Quantity of knowledge can lead to quality, but only if used well. For this reason, managers need to think about knowledge management differently. The hierarchy of knowledge management (with data at the bottom, knowledge at the top and information in between) needs to be viewed in an upside-down way. The most critical piece of knowledge for success can only be identified after having set very clear and specific business objectives. Those objectives then determine which knowledge is needed to extract the most business value. Then, based on that knowledge, the information needed is identified, and then the data. Such an approach works in the opposite direction to the conventional approach, in which the focus is on acquiring as much data and knowledge as possible. But it stands to be one of the best approaches to achieving sustainable competitive advantage from knowledge-management efforts.

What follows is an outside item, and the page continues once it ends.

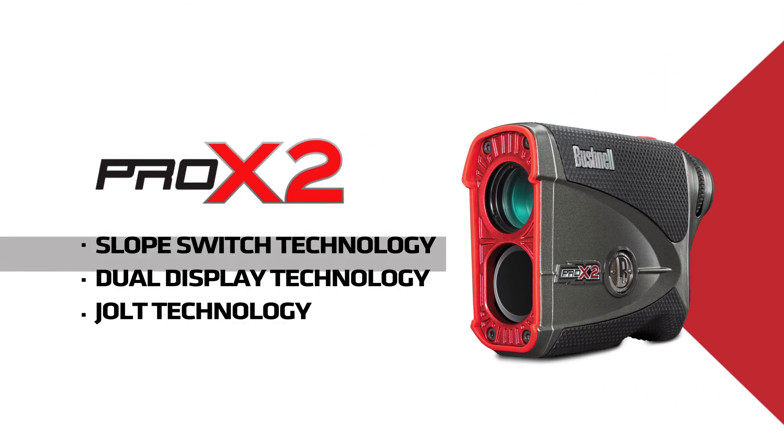Slope switch technology, dual display, and jolt means lightning fast speed and unrivaled precision. The Pro X2 — golf's most advanced laser rangefinder in the world.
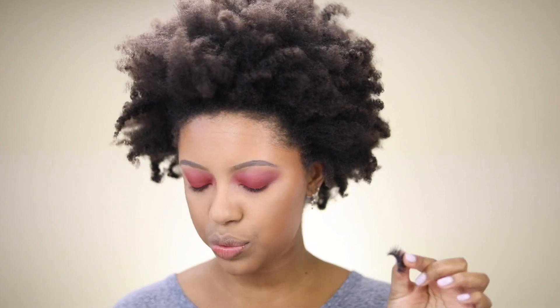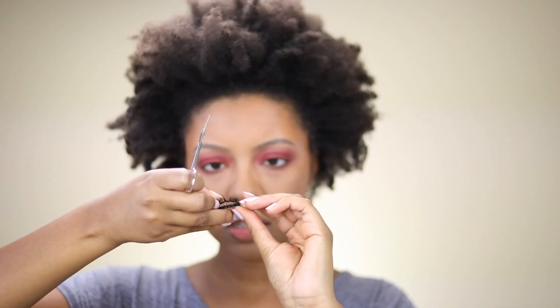For lashes I'm going with the Lily Lashes Dalera lashes. Before applying the glue, I want to cut a little bit off the end because they're slightly too long. The tricky part is making sure both lashes are cut equally, so I line them exactly on top of each other and cut the excess off the second lash.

Technology is an accelerator.

Based on the results-driven knowledge-management approach, technology’s role becomes secondary to that of people. People are the actors, and technology is simply the tool. Research by the Cranfield School of Management about the advantages gained by using information technology discovered that benefits are realized from knowledge management only when people do things differently. Technology helps people do whatever they do more efficiently, but it is not creative enough to devise new ways of working for people. Only people can do that, and thus it is people who are the source of true sustainable competitive advantage. Whereas having powerful technologies, much like having cost leadership, gives the organization only a short-term competitive advantage. Companies such as Microsoft and Adobe understood this and turned this understanding into actionable knowledge-management strategies to become well-renowned and respected brands.

Conclusion

Tangible resources are a source of strength but not a source of lasting competitive advantage. Only intangible capabilities such as creativity, talent and innovation are. Companies would do well to obtain the data and the information they need based on the requirements to achieve business objectives. Those objectives can be market share, adoption rate, profitability or any other business measure. Knowing that people hold the seed of lasting competitive advantage for an organization, talent retention becomes of crucial importance.